WHAT THE EXERCISE ASKS: Your answer must be the records below repeated word for word, with no pictures in it.

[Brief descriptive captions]
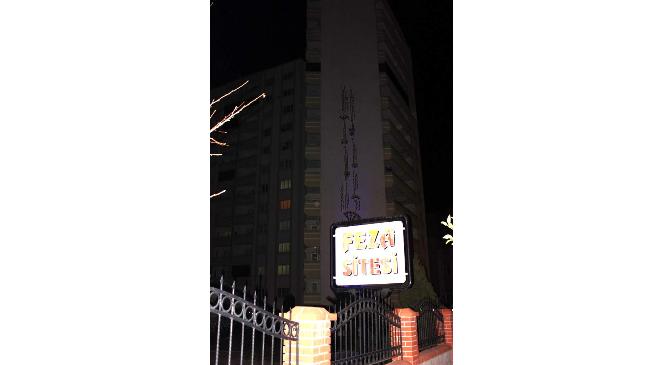 Genç kız 8. kattan ölüme atladı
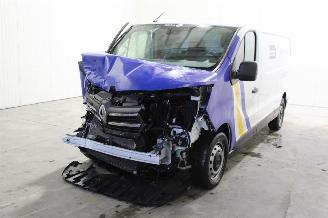 Salvage car Renault Trafic  2024/6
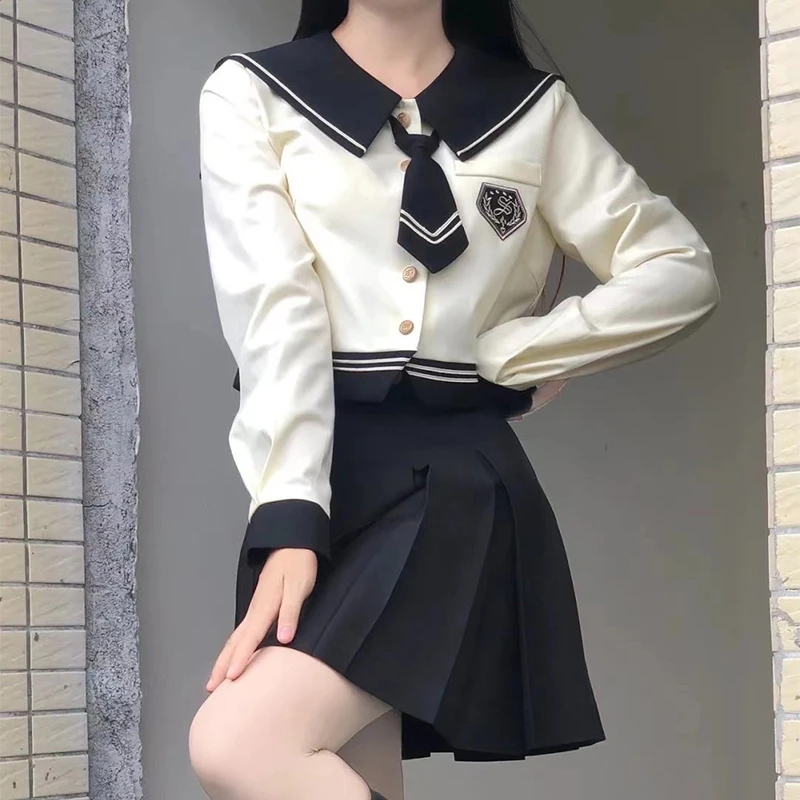 

2023 High School South Korea Students JK Uniform Short Sleeve Beige Shirts Black Pleated Skirt Female Summer Suit Basic Women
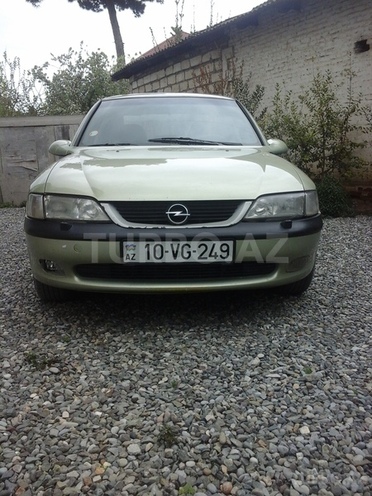 Opel Vectra 1996, 250,000 km - 2.0 l - Bərdə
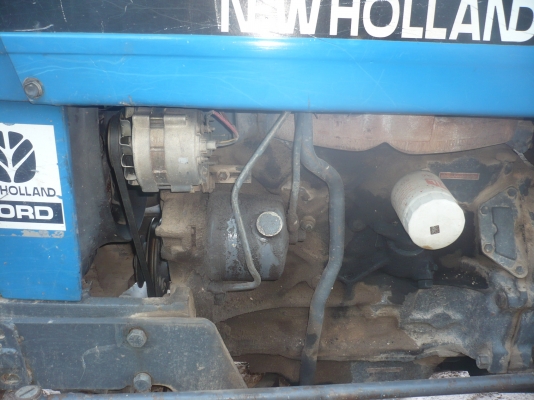 ขายรถไถ FORD 60แรง ต่รองได้คุยกันได้ ขายได้ขายครับ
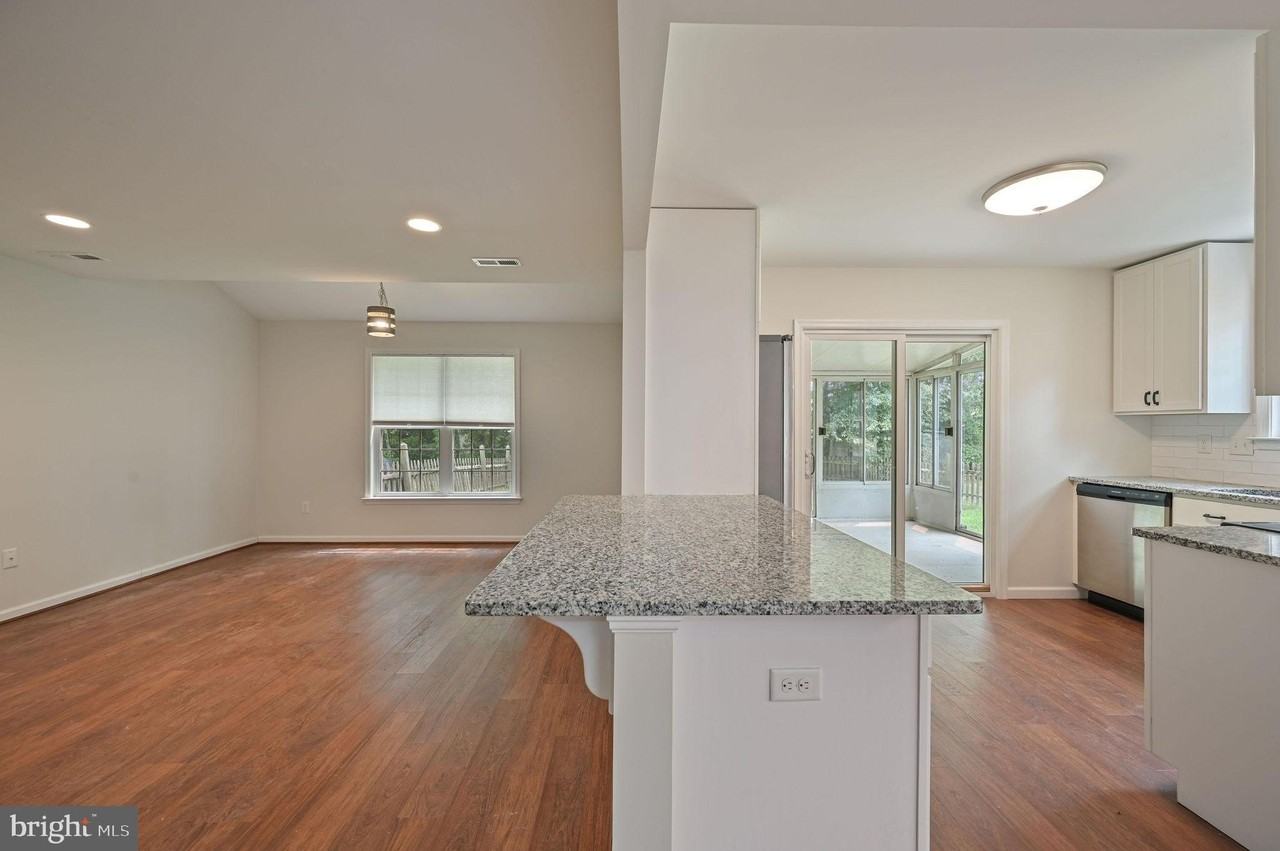 176 Stoney Dr - Photo 6 of 17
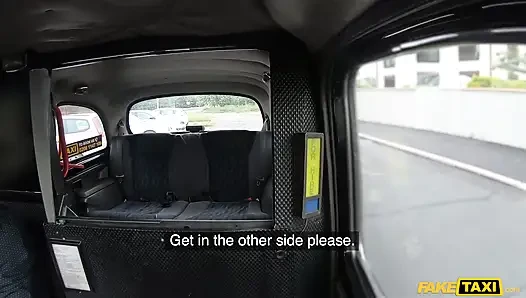 Fake taxi - keira flow yol başını seviyor ve yol kenarında sikiliyor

RESULT:
 Genç kız 8. kattan ölüme atladı
 Salvage car Renault Trafic  2024/6

2023 High School South Korea Students JK Uniform Short Sleeve Beige Shirts Black Pleated Skirt Female Summer Suit Basic Women
 Opel Vectra 1996, 250,000 km - 2.0 l - Bərdə
 ขายรถไถ FORD 60แรง ต่รองได้คุยกันได้ ขายได้ขายครับ
 176 Stoney Dr - Photo 6 of 17
 Fake taxi - keira flow yol başını seviyor ve yol kenarında sikiliyor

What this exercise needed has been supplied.